The Pueblo Chemical Agent-Destruction Pilot Plant marked its first full year of chemical weapons destruction in 2017, a year of progress and overcoming challenges.
“During the past year, we have learned a lot about our plant and the munitions we are destroying,” said Greg Mohrman, site project manager, PCAPP. “The plant drained and neutralized more than 250 U.S. tons of chemical agent.”
During the spring and summer months, the plant demonstrated its ability to break down hydrolysate, the product of the chemical neutralization process, with microbes which are housed in Immobilized Cell Bioreactors. Similarly, the Brine Reduction System effectively processed the effluent from the bioreactors, recovering water for reuse in the plant and producing salt cakes. More than 230 tons of salt cakes were sent to an off-site permitted disposal facility.

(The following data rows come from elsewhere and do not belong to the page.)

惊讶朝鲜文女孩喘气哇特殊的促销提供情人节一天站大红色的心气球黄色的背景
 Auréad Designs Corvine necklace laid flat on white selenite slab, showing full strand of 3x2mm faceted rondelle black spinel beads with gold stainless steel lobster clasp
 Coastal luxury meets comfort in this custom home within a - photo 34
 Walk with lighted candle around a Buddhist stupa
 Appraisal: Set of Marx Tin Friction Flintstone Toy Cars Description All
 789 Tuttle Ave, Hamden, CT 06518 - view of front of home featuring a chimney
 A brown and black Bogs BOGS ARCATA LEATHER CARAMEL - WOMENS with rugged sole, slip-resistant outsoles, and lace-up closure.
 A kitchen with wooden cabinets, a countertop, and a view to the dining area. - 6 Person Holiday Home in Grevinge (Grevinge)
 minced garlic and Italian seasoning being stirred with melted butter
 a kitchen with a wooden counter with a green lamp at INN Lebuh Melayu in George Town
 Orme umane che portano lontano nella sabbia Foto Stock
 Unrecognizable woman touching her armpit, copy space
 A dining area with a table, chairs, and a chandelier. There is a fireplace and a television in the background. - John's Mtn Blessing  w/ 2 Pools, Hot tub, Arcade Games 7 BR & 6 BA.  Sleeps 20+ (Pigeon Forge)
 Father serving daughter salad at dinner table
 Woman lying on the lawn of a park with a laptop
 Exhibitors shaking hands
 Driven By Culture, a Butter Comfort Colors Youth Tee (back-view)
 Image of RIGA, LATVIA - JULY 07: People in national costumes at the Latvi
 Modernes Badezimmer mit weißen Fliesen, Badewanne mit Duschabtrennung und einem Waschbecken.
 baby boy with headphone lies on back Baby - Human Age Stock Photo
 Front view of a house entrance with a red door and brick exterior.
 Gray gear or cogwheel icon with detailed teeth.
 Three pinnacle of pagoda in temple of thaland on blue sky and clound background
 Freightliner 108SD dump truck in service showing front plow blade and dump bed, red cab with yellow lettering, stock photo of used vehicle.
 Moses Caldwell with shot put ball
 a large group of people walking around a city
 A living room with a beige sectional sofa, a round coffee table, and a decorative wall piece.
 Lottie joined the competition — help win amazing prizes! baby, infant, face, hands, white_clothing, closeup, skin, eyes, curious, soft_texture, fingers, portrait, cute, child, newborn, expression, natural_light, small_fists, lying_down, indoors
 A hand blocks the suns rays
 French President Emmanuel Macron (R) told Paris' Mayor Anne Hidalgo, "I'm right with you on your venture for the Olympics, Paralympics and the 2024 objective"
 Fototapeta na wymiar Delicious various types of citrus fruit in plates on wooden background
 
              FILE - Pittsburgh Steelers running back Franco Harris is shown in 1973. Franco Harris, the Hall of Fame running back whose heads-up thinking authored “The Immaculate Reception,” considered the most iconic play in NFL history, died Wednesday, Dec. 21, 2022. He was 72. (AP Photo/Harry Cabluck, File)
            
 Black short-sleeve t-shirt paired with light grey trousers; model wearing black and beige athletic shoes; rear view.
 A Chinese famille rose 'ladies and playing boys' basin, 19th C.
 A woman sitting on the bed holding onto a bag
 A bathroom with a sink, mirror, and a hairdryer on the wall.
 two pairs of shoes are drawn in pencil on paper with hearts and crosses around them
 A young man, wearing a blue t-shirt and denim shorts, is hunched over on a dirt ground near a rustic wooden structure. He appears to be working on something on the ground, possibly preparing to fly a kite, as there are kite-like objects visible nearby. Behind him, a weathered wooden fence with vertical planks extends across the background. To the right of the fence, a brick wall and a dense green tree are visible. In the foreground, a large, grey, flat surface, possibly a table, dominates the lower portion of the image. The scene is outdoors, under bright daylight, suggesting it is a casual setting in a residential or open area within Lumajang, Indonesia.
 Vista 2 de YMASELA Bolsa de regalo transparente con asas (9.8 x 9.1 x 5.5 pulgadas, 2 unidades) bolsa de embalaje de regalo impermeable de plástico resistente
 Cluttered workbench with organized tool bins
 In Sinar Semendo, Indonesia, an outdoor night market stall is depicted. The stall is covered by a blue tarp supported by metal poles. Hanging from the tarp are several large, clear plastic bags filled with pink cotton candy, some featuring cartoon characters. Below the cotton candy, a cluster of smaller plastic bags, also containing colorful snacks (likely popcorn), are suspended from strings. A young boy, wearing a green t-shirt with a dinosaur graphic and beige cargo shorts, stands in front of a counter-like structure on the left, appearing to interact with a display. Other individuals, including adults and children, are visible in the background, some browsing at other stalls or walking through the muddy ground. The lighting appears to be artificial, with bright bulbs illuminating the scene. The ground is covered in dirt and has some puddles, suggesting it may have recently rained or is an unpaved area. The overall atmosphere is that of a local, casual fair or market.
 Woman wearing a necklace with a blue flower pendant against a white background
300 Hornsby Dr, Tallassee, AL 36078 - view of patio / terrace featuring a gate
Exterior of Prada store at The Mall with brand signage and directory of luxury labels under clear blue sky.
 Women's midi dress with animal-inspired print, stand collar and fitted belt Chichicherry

“The Brine Reduction System is doing what it was intended to do, which is recycling water and producing salt cakes,” said Paul Usinowicz, technical advisor, PCAPP.
Throughout the year, the process of baseline reconfiguration continued, with more than 23,000 projectiles removed from boxes and fiberboard tubes. The munitions were palletized and returned to storage at the Pueblo Chemical Depot to await processing.
Despite its many accomplishments, plant operations have not been without obstacles. Mohrman said despite the challenges, the PCAPP workforce has proven to be adept at problem solving and improving operations.
“By far the most important lesson we have learned is the value of good training and placing trust in our people to make good decisions,” Mohrman said.